What to produce — Leave the images out. Give every line below again, precisely.

Provided data Block Start

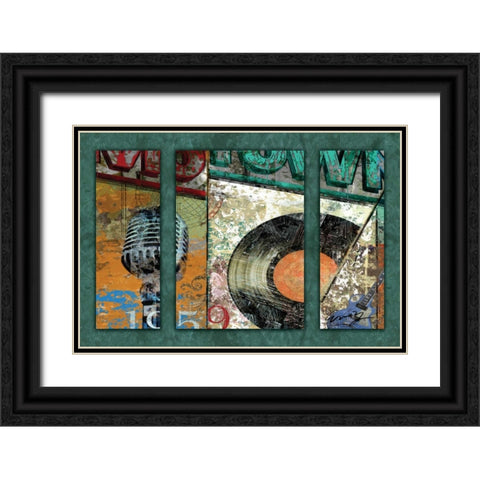 HITS TOWN 1959 - triptych Black Ornate Wood Framed Art Print with Double Matting by Yang, Eric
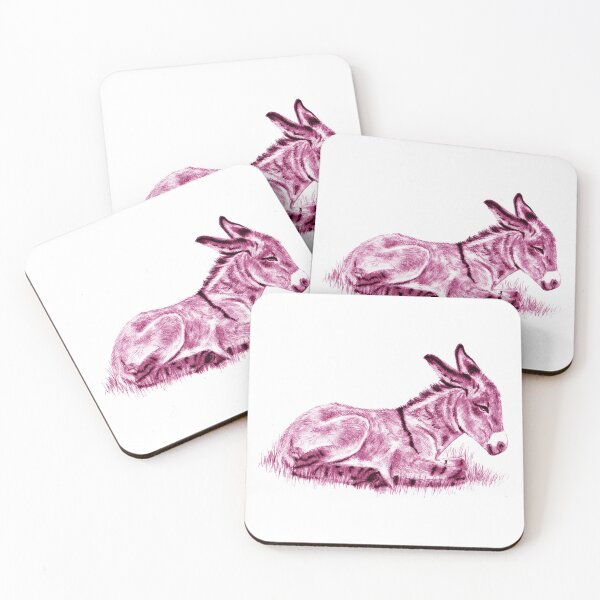 Item preview, Drawing of a lying donkey - pink colorized version designed and sold by SylvieG18.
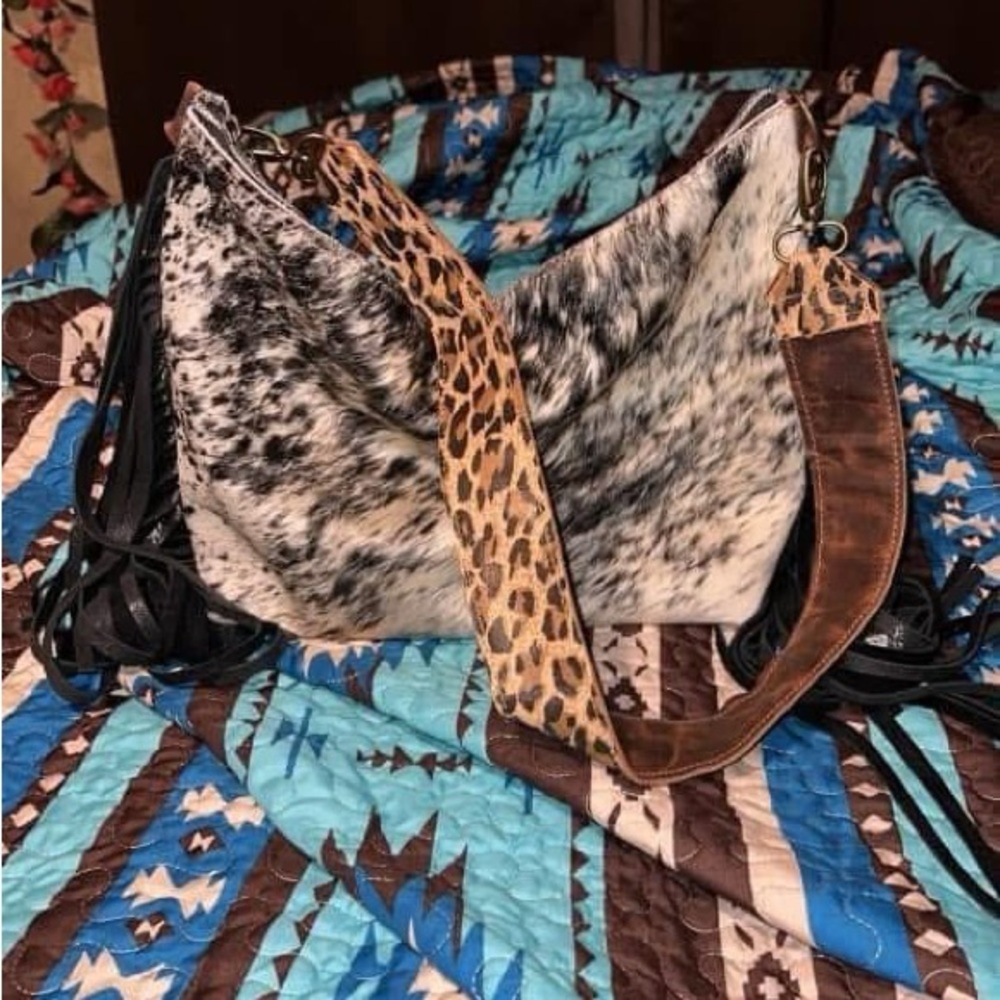 Brown and Black Shoulder Bag with Cowhide Material and Gold Chain Accent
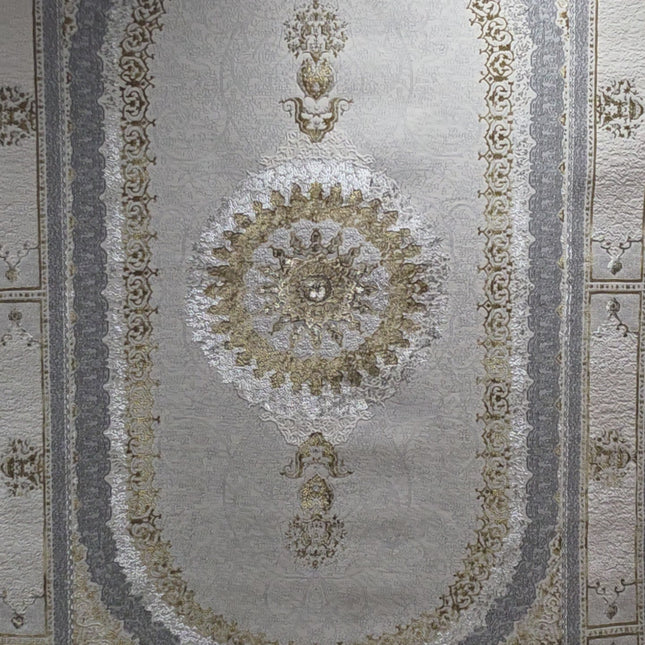 Alfombra NADOR Crema y Gris Claro con Medallón Clásico y Detalles Elegantes ✨🤍🩶 — Estilo Turco Sofisticado para Salón, Dormitorio y Pasillo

Provided data Block End

Reply —
 HITS TOWN 1959 - triptych Black Ornate Wood Framed Art Print with Double Matting by Yang, Eric
 Item preview, Drawing of a lying donkey - pink colorized version designed and sold by SylvieG18.
 Brown and Black Shoulder Bag with Cowhide Material and Gold Chain Accent
 Alfombra NADOR Crema y Gris Claro con Medallón Clásico y Detalles Elegantes ✨🤍🩶 — Estilo Turco Sofisticado para Salón, Dormitorio y Pasillo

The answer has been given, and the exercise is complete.